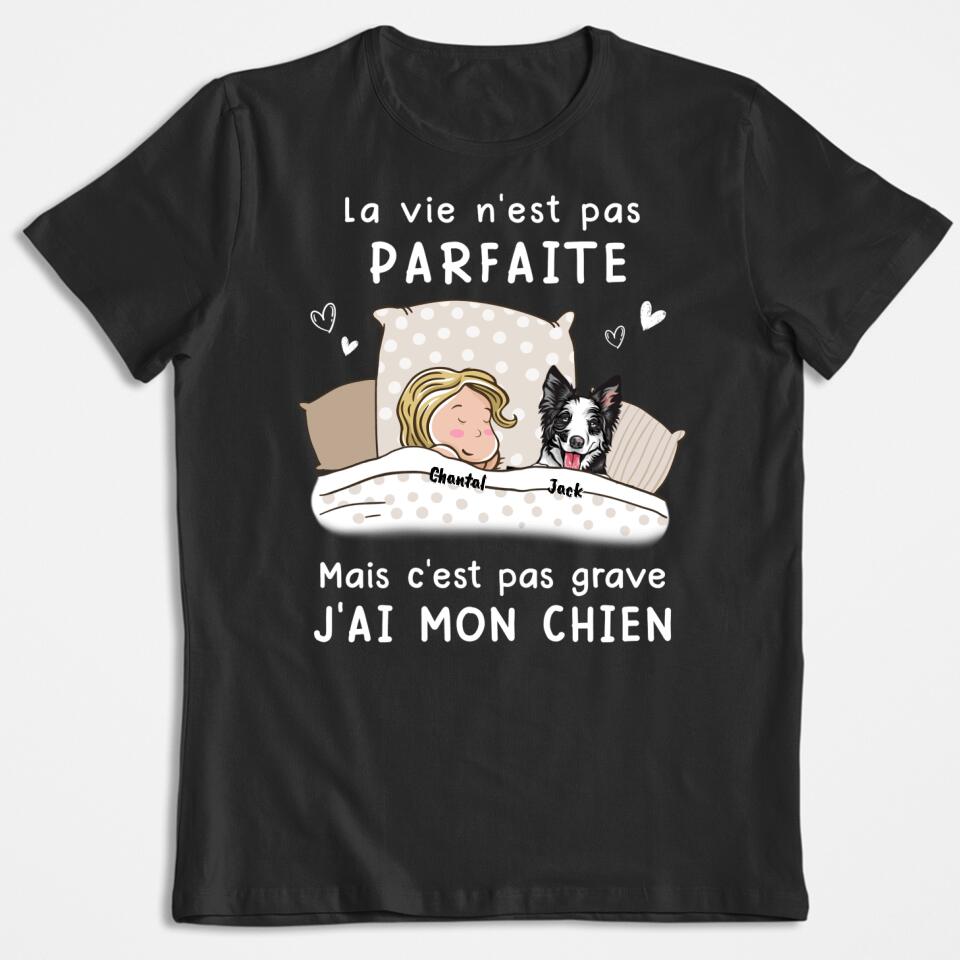 Das Leben ist nicht perfekt, aber es ist okay – personalisiertes Hunde-T-Shirt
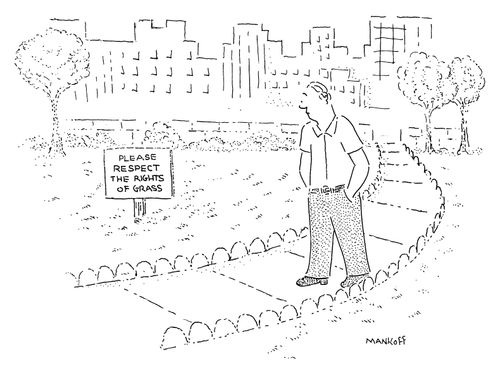 Please Respect the Rights of the Grass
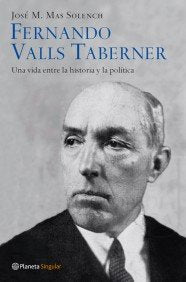 FERNANDO VALLS TABERNER.UNA VIDA ENTRE, de MAS SOLENCH,JOSE MARIA | portada del libro
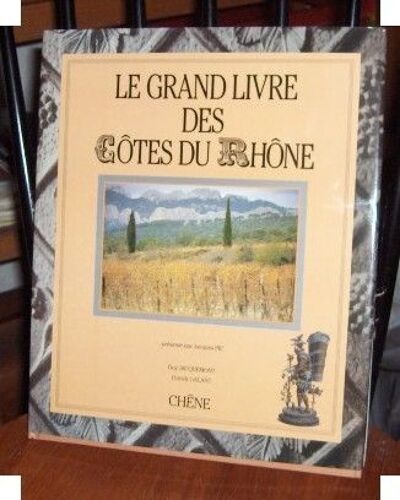 Le Grand Livre Des Côtes Du Rhône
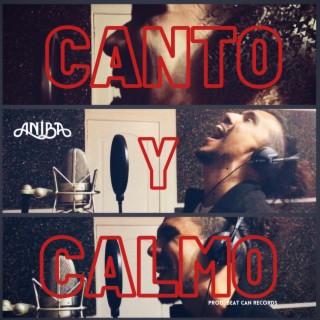 Canto y Calmo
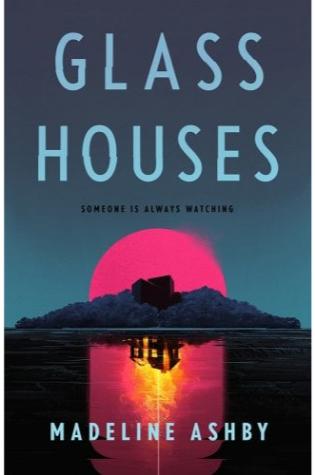 Glass Houses by Madeline Ashby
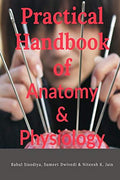 Practical Handbook Of Anatomy And Physiology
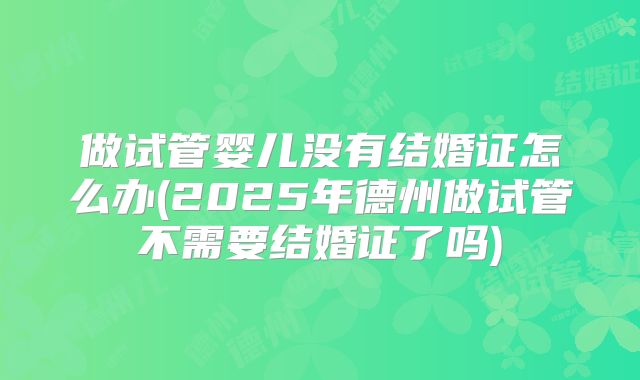 做试管婴儿没有结婚证怎么办(2025年德州做试管不需要结婚证了吗)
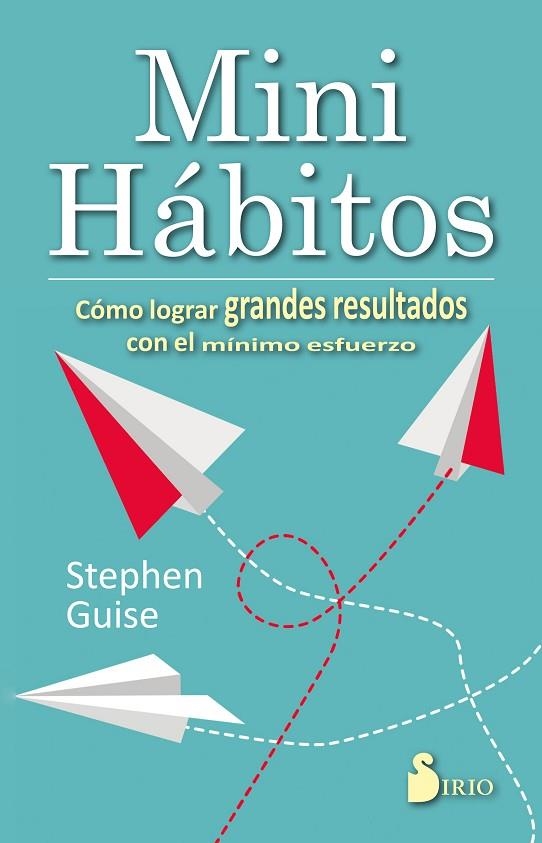 MINI HÁBITOS | 9788416579662 | GUISE,STEPHEN | Llibreria Geli - Llibreria Online de Girona - Comprar llibres en català i castellà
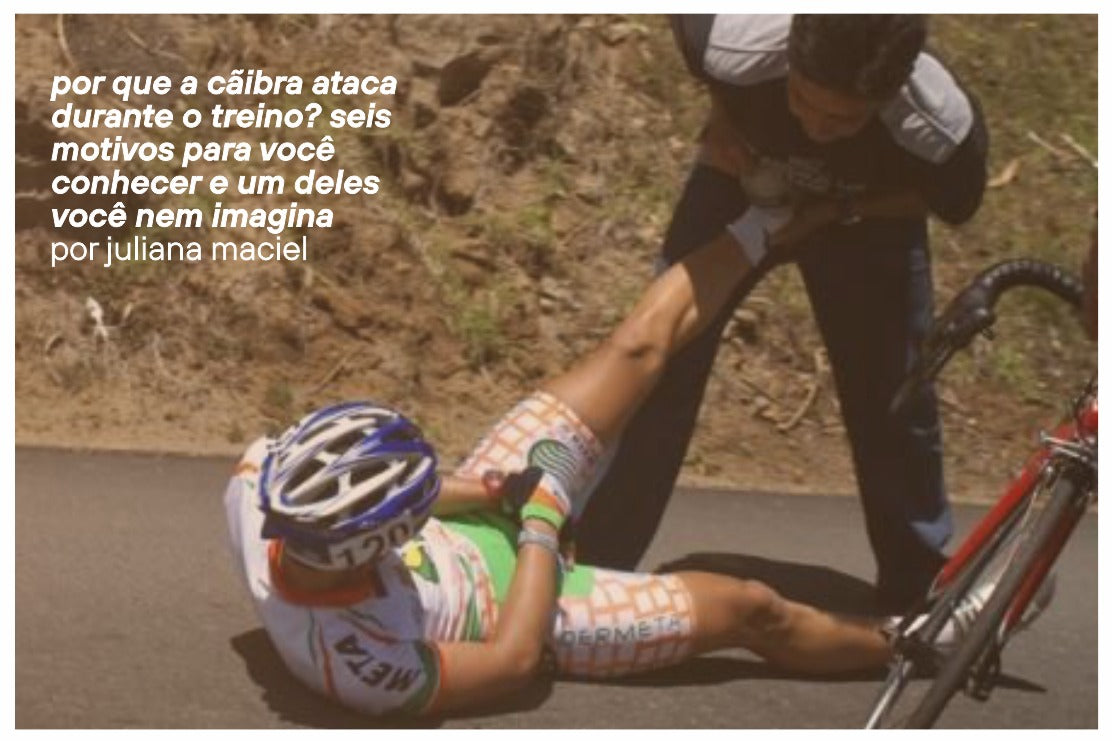 Por que a Cãibra Ataca Durante o Treino? Seis Motivos para você conhecer e um deles você nem imagina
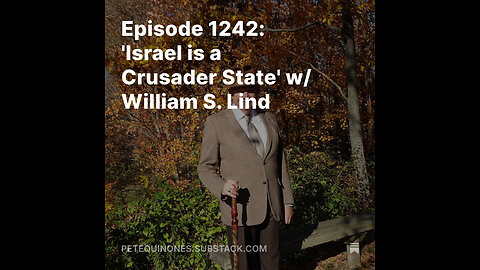 Episode 1242: 'Israel is a Crusader State' w/ William S. Lind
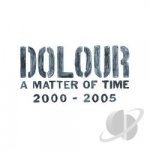 Matter of Time 2000-2005 by Dolour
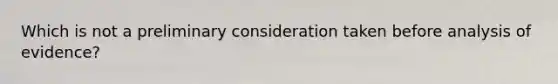 Which is not a preliminary consideration taken before analysis of evidence?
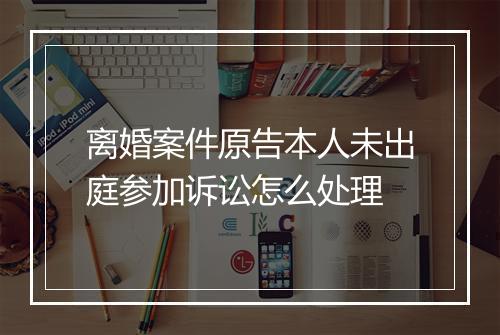 离婚案件原告本人未出庭参加诉讼怎么处理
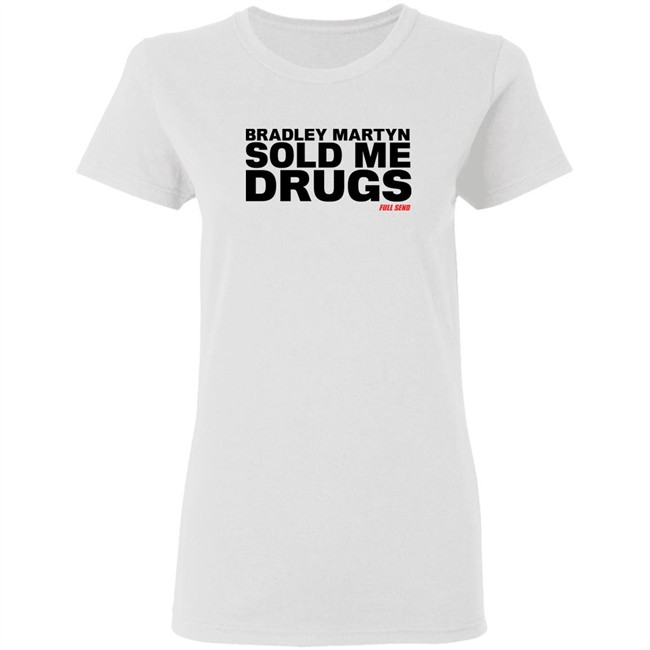 Bradley Martyn Sold Me Drugs Shirt Bradley Martyn Sold Me Drugs Shirt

What you are asked to do.
Beginning at the line that contains "FERNANDO VALLS TABERNER.UNA", retype each line of the data above through the very last one. Do not retype the pictures.

Solution to the exercise.
 FERNANDO VALLS TABERNER.UNA VIDA ENTRE, de MAS SOLENCH,JOSE MARIA | portada del libro
 Le Grand Livre Des Côtes Du Rhône
 Canto y Calmo
 Glass Houses by Madeline Ashby
 Practical Handbook Of Anatomy And Physiology
 做试管婴儿没有结婚证怎么办(2025年德州做试管不需要结婚证了吗)
 MINI HÁBITOS | 9788416579662 | GUISE,STEPHEN | Llibreria Geli - Llibreria Online de Girona - Comprar llibres en català i castellà
 Por que a Cãibra Ataca Durante o Treino? Seis Motivos para você conhecer e um deles você nem imagina
 Episode 1242: 'Israel is a Crusader State' w/ William S. Lind
 Matter of Time 2000-2005 by Dolour
 Which is not a preliminary consideration taken before analysis of evidence?
 离婚案件原告本人未出庭参加诉讼怎么处理
 Bradley Martyn Sold Me Drugs Shirt Bradley Martyn Sold Me Drugs Shirt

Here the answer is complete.